Although most of the discussed Gas Turbine Modular Helium Reactor power plants are based on the Rankine cycle, the use of the complex Brayton cycle can be an advantage. However, scientific papers published in recent years do not evaluate this combination in more detail. This paper provides a thermodynamic analysis of the modular nuclear plant with thermal power of 250 MW, consisting of a helium-cooled nuclear reactor and the energy conversion unit, using the vertical gas turbine operating according to the complex Brayton cycle. Two modes of nuclear plant operation were considered, mainly electricity generation and combined electricity and heat production. The energy conversions unit parameters, such as the electrical efficiency, electrical power, and thermal power of heat regenerator and heat exchangers were obtained and analyzed. The results have confirmed that high cycle efficiency in the electricity production mode can be obtained if the best parameters of all in-plant elements currently achieved in the modern gas turbine and power engineering industries are used in the design. As found, the temperature coefficient of helium intercooling demonstrates a great impact on the nuclear plant's electrical efficiency and electrical power. The sensitive analysis was carried out to assess the reduction of GT-MHR-250 performance due to deterioration of the in-plant elements (turbine, compressor, heat exchangers) during operation. In this case decrease in the plant's electrical efficiency and electrical power is more noticeable in the combined mode rather than in the electricity generation.

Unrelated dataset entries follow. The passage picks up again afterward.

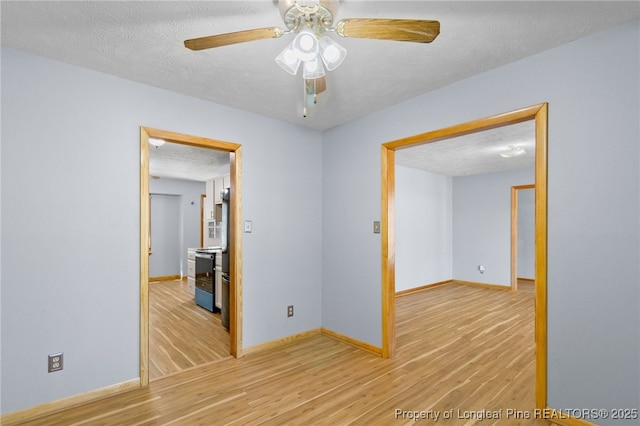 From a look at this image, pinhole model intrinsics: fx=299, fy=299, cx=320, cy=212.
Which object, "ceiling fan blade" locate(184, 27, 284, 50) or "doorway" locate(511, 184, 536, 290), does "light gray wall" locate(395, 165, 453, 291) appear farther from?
"ceiling fan blade" locate(184, 27, 284, 50)

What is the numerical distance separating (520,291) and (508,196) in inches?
79.9

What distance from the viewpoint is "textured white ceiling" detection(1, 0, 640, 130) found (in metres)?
1.68

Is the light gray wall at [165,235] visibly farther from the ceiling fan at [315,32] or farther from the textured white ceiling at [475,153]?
the ceiling fan at [315,32]

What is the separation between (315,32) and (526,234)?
8.26 meters

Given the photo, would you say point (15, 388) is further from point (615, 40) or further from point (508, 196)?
point (508, 196)

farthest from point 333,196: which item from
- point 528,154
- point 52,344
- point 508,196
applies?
point 508,196

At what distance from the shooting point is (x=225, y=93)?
2.79 m

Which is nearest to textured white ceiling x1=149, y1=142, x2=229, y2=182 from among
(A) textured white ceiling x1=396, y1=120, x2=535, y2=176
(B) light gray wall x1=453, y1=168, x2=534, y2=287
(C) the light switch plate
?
(C) the light switch plate

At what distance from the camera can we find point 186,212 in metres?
7.91

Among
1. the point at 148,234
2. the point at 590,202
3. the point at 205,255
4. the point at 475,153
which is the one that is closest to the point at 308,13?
the point at 590,202

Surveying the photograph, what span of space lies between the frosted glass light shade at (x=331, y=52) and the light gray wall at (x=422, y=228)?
466 centimetres

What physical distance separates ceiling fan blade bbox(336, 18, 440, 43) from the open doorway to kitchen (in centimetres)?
198

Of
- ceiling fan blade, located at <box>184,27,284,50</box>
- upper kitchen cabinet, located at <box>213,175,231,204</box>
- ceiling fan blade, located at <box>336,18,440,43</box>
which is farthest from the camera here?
upper kitchen cabinet, located at <box>213,175,231,204</box>

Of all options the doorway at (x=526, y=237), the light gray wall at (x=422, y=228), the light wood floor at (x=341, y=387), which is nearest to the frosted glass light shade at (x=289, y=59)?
the light wood floor at (x=341, y=387)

Currently, approximately 80 % of the world’s energy demand comes from fossil fuels, while only about 30 % of the energy is used to produce electricity. Climate warming and environmental issues are accompanied with fossil energy generation. There are many approaches have developed and continue to develop to decrease the environmental load from fossil fuels combustion that focused research interests on the mixing biofuels, syngas, and hydrocarbon fuels [1,2]; application of combustible and non-combustible additives to fossil fuels, for example, water (coal-water fuel)  or glycerol ; on the specific treatment of the fuel composition before or during the combustion , and on the organizing of the combustion in some more efficient way [6–8]. Much research was also devoted to the utilization of coal and oil waste , ammonia combustion for power engineering purposes , and hydrogen energy utilization [11,12]. However, none of them do implement on the industrial level, up to date the main part of electricity and heat generation is based on the combustion processes. On the other hand, the deep energy crisis that is developed in the world due to natural gas market price manipulation by Russia clearly shows that mankind needs another energy source, which would be sustainable and environmentally friendly.

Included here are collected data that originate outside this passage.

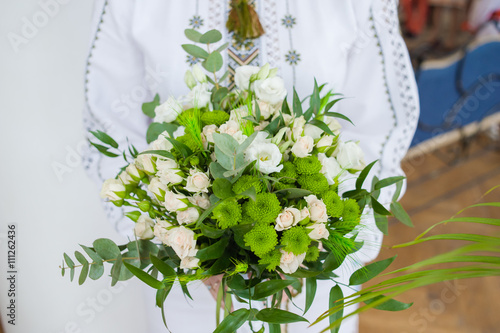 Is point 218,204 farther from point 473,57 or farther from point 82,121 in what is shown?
point 473,57

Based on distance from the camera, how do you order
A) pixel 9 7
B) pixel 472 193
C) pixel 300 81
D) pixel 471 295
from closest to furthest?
pixel 9 7 → pixel 300 81 → pixel 471 295 → pixel 472 193

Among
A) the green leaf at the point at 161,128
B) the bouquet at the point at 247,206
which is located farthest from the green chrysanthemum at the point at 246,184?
the green leaf at the point at 161,128

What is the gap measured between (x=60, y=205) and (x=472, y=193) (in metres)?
2.43

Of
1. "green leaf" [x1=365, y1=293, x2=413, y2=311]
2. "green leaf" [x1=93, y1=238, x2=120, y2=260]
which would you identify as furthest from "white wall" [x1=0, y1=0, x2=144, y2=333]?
"green leaf" [x1=365, y1=293, x2=413, y2=311]

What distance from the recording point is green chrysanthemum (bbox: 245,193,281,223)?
1.84ft

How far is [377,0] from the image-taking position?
1.00m

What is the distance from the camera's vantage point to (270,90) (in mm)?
696

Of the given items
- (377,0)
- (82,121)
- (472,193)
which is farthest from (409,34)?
(82,121)

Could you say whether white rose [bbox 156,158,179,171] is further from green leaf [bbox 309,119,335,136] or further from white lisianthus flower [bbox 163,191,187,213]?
green leaf [bbox 309,119,335,136]

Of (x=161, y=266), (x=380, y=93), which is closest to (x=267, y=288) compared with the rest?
(x=161, y=266)

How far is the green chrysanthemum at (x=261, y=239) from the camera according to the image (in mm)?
558

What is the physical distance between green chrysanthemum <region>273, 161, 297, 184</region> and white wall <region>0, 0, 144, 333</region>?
692 mm

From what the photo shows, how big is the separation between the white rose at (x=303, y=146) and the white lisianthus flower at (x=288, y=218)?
85 mm

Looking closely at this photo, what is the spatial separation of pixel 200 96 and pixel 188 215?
240 millimetres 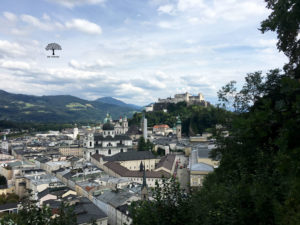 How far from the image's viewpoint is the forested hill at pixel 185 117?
79188 millimetres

Nuclear energy is now being employed for about 14 % of the world’s electricity production, moreover, in some countries (France, and Belgium) nuclear power dominates by producing over 60 % of the electrical energy. Nuclear power could be the option for reducing carbon dioxide emissions; for example, nuclear power plants in Europe reduce annually up to 700 million tons of CO2 discharged into the atmosphere. From this point of view, nuclear energy is considered “green energy”.

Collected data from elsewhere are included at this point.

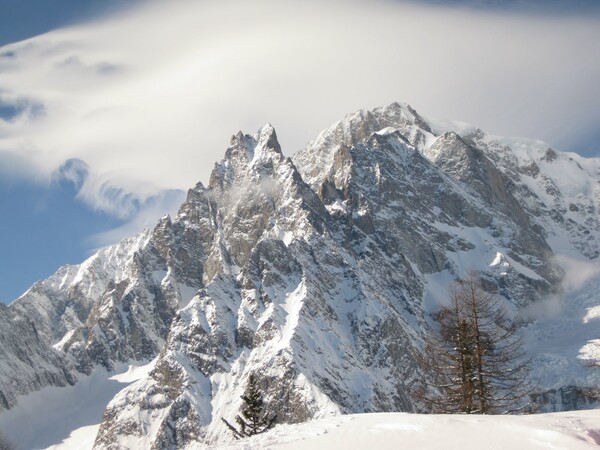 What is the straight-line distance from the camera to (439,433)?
72.0 feet

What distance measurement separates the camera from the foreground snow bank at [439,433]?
815 inches

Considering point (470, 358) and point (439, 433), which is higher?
point (470, 358)

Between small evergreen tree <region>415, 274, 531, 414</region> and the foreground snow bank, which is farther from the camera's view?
small evergreen tree <region>415, 274, 531, 414</region>

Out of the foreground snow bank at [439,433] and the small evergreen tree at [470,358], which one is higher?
the small evergreen tree at [470,358]

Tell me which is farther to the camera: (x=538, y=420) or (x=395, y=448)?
(x=538, y=420)

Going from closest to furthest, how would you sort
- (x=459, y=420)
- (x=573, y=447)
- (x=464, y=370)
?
(x=573, y=447)
(x=459, y=420)
(x=464, y=370)

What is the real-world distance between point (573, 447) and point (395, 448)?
497 centimetres

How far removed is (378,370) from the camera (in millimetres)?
198250

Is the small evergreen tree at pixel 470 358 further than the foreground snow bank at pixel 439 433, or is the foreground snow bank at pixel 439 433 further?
the small evergreen tree at pixel 470 358

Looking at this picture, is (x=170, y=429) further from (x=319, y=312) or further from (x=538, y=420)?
(x=538, y=420)

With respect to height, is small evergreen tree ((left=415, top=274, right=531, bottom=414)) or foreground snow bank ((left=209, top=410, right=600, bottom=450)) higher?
small evergreen tree ((left=415, top=274, right=531, bottom=414))

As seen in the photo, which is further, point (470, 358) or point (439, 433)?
point (470, 358)

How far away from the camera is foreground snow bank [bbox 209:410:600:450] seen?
815 inches

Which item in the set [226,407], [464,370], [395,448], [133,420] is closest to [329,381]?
[226,407]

As of the year 2021, more than 440 nuclear power reactors are in the operation throughout the world, over 100 of them are in the United States, while about 200 are in France, China, and Russia. In addition, more than 50 nuclear reactors are now under construction in different countries. Currently, the park of nuclear power stations is based on reactors from 1000 to 1600 MW of thermal power. However, they are difficult to operate and control, occupy a large area, and require many maintenance personnel (1 person per 1 MW of plant capacity). In recent years, the movement towards more flexible and low-power units of (200 – 600) MW occurred, operating independently or as a part of larger energy systems.
The thermodynamic parameters of the GT-MHR modular nuclear plant of 250 MW thermal power with helium reactor and vertical gas turbine, operating according to the complex Brayton cycle were obtained and discussed in this paper. Two operating modes of the nuclear plant, namely the electricity generation mode and the combined mode with electricity and heat production were considered. The analysis was carried out to define the GT-MHR-250 plant sensitivity concern in performance deterioration of the in-plant elements during their operation. Based on the results obtained, the following main conclusions are drawn as follows:
• In the electricity production mode, quite a high electrical efficiency of the plant was achieved (46.3 %) if the best parameters of in-plant elements currently achieved in the gas turbine and power engineering industries are used.
• In the combined mode the plant’s thermal power is 182.13 MW, while the electrical power is only 69.66 MW with an electrical efficiency of 27.9 %.
• The scheme of the GT-MHR-250 nuclear plant is low sensitive concerning performance deterioration of in-plant elements however reduction in the helium intercooling between compressor stages affects greatly the plant’s electrical efficiency and electrical power.
• A decrease in the plant’s electrical efficiency and electrical power due to performance deterioration of in-plant elements is more noticeable in the combined mode rather than in the electricity production mode.